This week in commodities 2-28-2020

Corn pushes to 4-month low

For the week, May corn was 12-1/2 cents lower to close at 368-1/4. December corn settled at 377, down 9 cents on the week. December corn futures, as well as ethanol and DDG prices dipped to four-month lows as fears of a global downturn due the corona virus were heightened this week. A Farm Futures survey released Thursday from 728 respondents estimated 96.6 million acres of corn for 2020. If true, this would be the second largest planting on record, following only 2012’s total of 97.3 million acres. As with any projection all of this “outlook” relies on the crop being planted in a timely fashion.

All of this bearish news here in the US comes as Brazilian farmers continue to plant their second crop corn. Domestic corn prices in Brazil are 20% higher than a year ago. Available corn supplies in Brazil are being priced at 45-50 Real per sack (approximately $5.00 to $5.50 per bushel). The main drivers behind this price strength are stronger livestock and ethanol demand as well as record Brazilian corn exports in 2019. Brazil’s second crop corn represents over 70% of the country’s corn production. The end of February marks the closing of the ideal planting window for second crop corn, but about 50% of the corn will be planted after February, which increases the risk factor for the crop.

 

Soybeans lower this week

May soybeans were 6-1/4 cents lower in the last trading week of February to close at 892-3/4. November soybeans were 9-1/4 cents lower to settle at 908-1/4. Both nearby and November soybean futures pushed into four-month lows this week. US export sales were extremely disappointing last week for soybeans, China bought only 72,000 tons.

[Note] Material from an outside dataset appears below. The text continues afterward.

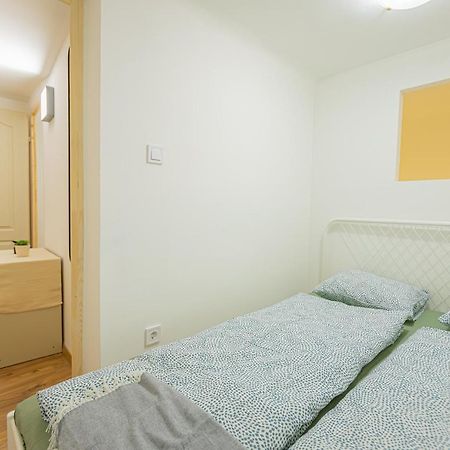 2 Bedroom Apartment In The Dob Street, Emerald Budapešť Exteriér fotografie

The bloodbath across all markets around the world lead soybeans lowers this week. Major markets around the world averaged more than 12% lower this week. Fears of lowered protein demand across the globe spooked buyers as front month soybeans trade nearly a dollar off of their recent highs. Soybean meal was about the only market sharply higher this week after the world’s largest soybean meal exporter, Argentina, announced export registrations would be suspended until further notice. Meal prices have been depressed for the last 18 months now. Managed money funds have pushed to a record short position in the soybean meal market in the last few weeks. Higher meal prices could be a possible catalyst to push soybean prices higher. The one bright spot for the soybean market this week was the downturn in the US dollar which sold off nearly 1% this week. The Brazilian Real, however, also traded lower keeping Brazilian beans more competitive in the world export market. Soybean harvest in Brazil was seen as 34% complete a week ago compared with 46% a year ago.

 

Chicago wheat moves sharply lower

May Chicago wheat prices were 27 cents lower this week to close at 525. KC May wheat was 22-1/4 cents lower this week, settling at 453-1/4. Minneapolis spring wheat on its May contract was 10-3/4 cents lower to close at 527-1/2. Wheat markets showed strength late in the session on Friday. After trading nearly 12 cents lower on front month Chicago wheat, the market rallied to close just two cents lower on the day. Rainfall over the central Plains growing areas weighed on wheat prices this week as well as the obvious coronavirus fears. Many wheat crops in Europe are emerging from dormancy more than one month ahead of normal which leaves them vulnerable to late winter frosts. The tightening ending stocks forecast for US wheat may provide some sort of underlying support, but the macro economic fears will be the dominate player in the near future.

 

Class III and Class IV Prices Bounce

The dairy spot markets were fairly mixed across the board today. The biggest event of the day was the fact that spot butter traded 39 loads, pushing 3 cents higher. It appears that, as we continue to push into the lowest prices since 2016, buyers are finding value here. Butter futures have moved lower a record 8 months in a row. Prices could be getting closer to a stronger recovery. Cheese and whey trade were fairly uneventful today with no loads trading in either market and whey pushing 0.25 cents higher. The non-fat powder market continues to be the laggard losing 1.50 cents on the day to bring the total losses for the week to 10.5 cents.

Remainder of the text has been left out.